Mbah Singo Lelono Awal Kisah Pantai Sendiki Pantai Sendiki. (FOTO: AJP TIMES Indonesia)
Selasa, 26 Desember 2017 - 14:43

TIMESINDONESIA, MALANG – Pantai Sendiki memiliki keindahan yang sangat menakjubkan, dan yang paling penting, masih asri, bersih dan sepi. 

Pantai dengan hamparan luas pasir putih halus serta pantai berbatu di beberapa bagian menjadikan pantai ini tempat yang nyaman untuk menghilangkan segala kepenatan. 

Seperti halnya pantai lain yang ada di bagian selatan Pulau Jawa, dengan ombaknya yang terkenal besar dan deras, Pantai Sendiki kurang cocok untuk dijadikan tempat untuk berenang. Namun untuk sekadar bermain air dan bercengkerama di pinggir pantai masih dapat dilakukan.

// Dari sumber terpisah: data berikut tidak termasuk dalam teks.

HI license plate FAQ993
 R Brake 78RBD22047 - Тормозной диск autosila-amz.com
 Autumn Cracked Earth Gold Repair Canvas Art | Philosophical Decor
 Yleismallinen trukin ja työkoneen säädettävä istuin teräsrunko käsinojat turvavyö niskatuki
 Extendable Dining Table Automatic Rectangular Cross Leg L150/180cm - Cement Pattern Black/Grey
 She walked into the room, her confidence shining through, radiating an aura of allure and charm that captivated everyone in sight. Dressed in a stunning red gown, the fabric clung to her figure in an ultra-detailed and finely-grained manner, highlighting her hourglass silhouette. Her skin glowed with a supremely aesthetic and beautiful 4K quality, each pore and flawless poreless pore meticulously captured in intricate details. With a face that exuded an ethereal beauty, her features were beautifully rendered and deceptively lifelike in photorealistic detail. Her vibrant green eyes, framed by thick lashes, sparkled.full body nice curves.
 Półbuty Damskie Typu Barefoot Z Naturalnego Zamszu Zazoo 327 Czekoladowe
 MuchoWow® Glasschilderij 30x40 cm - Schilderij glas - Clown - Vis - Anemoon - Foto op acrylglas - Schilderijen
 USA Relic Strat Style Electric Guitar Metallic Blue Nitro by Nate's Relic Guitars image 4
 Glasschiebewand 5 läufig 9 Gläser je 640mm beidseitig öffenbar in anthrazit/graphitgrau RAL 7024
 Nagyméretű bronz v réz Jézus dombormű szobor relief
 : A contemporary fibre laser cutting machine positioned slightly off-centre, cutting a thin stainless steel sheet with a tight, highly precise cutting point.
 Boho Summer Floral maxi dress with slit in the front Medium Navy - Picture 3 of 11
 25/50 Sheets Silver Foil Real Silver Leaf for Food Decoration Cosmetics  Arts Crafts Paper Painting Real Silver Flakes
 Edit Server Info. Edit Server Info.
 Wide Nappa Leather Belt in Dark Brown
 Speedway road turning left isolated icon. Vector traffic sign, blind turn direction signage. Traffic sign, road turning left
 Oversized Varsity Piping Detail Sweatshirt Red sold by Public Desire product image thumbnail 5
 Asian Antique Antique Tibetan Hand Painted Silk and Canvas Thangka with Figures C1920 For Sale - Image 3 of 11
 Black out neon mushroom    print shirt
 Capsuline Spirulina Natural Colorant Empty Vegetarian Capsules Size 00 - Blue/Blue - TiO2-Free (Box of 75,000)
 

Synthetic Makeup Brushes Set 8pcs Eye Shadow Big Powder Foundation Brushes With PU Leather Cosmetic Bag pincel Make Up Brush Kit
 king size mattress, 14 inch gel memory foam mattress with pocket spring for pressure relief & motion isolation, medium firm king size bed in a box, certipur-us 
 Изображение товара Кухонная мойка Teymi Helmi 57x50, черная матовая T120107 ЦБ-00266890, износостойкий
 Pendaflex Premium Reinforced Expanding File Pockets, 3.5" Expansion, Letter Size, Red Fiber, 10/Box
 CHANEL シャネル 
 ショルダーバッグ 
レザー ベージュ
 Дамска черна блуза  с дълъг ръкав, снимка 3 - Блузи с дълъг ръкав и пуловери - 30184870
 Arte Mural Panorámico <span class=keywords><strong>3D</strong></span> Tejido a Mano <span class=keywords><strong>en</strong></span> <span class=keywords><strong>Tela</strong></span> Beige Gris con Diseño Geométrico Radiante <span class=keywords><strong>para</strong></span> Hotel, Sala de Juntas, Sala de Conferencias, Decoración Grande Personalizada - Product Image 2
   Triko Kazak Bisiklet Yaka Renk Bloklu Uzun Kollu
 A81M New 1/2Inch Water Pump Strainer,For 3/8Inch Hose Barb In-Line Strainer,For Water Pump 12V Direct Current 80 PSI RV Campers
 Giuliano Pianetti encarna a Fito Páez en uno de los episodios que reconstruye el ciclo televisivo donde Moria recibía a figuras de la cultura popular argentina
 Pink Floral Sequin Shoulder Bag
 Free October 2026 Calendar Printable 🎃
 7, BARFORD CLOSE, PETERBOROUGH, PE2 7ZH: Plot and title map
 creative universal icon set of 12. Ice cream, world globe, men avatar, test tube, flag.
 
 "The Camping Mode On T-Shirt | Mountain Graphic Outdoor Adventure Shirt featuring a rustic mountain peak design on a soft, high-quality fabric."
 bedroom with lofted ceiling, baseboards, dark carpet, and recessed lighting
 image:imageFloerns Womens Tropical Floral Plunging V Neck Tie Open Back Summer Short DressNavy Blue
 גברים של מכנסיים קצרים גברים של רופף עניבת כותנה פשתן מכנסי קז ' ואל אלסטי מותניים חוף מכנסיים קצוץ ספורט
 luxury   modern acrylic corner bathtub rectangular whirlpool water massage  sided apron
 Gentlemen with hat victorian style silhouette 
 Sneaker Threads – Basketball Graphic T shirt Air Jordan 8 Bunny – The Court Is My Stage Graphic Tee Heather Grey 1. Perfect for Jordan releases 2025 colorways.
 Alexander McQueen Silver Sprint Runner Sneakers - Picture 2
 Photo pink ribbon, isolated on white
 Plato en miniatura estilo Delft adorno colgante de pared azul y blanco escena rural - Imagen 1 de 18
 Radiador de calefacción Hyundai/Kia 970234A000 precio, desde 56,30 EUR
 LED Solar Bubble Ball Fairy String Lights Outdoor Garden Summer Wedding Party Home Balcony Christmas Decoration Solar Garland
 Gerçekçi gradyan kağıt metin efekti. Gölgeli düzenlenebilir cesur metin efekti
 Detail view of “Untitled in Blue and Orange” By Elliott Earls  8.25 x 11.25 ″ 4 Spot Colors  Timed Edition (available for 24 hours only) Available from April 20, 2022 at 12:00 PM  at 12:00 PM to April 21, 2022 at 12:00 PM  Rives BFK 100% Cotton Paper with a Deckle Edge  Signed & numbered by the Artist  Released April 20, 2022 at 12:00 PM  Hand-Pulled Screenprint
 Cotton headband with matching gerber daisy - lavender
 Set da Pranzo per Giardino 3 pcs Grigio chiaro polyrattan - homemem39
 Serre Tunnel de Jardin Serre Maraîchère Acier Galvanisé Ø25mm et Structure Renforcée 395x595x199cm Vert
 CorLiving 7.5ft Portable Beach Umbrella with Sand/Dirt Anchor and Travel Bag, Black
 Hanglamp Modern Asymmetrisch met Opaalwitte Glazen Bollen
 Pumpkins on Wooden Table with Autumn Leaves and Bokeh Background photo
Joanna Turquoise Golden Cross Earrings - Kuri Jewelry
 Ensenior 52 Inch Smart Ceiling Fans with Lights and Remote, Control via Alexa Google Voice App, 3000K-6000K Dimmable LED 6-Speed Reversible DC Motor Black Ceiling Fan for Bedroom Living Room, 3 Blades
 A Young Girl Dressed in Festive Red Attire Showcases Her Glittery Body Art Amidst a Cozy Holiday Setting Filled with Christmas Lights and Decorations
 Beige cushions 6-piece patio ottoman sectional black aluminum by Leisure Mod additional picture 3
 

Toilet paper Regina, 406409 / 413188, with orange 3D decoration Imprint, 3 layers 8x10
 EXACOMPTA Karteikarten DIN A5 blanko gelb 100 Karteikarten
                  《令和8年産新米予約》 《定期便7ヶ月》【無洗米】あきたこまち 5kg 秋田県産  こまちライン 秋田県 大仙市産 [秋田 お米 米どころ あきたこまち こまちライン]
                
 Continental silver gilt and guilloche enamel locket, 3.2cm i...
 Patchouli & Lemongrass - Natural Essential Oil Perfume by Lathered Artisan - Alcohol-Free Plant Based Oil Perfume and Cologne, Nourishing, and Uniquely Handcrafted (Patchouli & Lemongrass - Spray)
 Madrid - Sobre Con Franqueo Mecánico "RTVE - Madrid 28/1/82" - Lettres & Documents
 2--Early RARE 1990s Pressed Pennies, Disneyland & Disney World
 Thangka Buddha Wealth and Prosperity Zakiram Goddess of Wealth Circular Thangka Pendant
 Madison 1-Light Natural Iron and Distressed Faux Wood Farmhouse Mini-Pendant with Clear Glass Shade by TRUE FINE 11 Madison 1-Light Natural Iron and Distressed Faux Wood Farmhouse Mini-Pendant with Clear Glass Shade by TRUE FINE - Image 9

Pantai Sendiki terletak di Desa Tambakrejo, Kecamatan Sumbermanjing Wetan, Kabupaten Malang. Pantai ini bersebelahan dengan Pantai Tamban yang berjarak sekitar 2km. 

Seperti pantai lain yang ada di Malang, pantai Sendiki juga memiliki mitos yang dipercayai oleh warga sekitar. Menurut warga sekitar, pantai ini dahulu ditemukan oleh 4 orang sahabat. 

Tiga diantara mereka setuju untuk membagi lahan tersebut dengan cara menancapkan patok kayu sebagai penanda wilayah. Sementara orang terakhir, bernama Mbah Singo Lelono, merasa bingung untuk memilih wilayahnya. 

Ia kemudian bertanya kepada 3 temannya “Punyaku Seng Ndi Iki?”. Akhirnya, dengan kesal Mbah Singo Lelono menancapkan patok kayu di sekitar pantai yang saat ini dikenal dengan nama Pantai Sendiki. Entah benar atau tidak cerita itu, tidak ada yang bisa memastikannya. 

Namun bila anda berjalan ke arah kiri pantai, anda akan menemukan sebuah makam batu dengan tulisan “Singo Lelono” yang dianggap leluhur oleh warga sekitar. (*)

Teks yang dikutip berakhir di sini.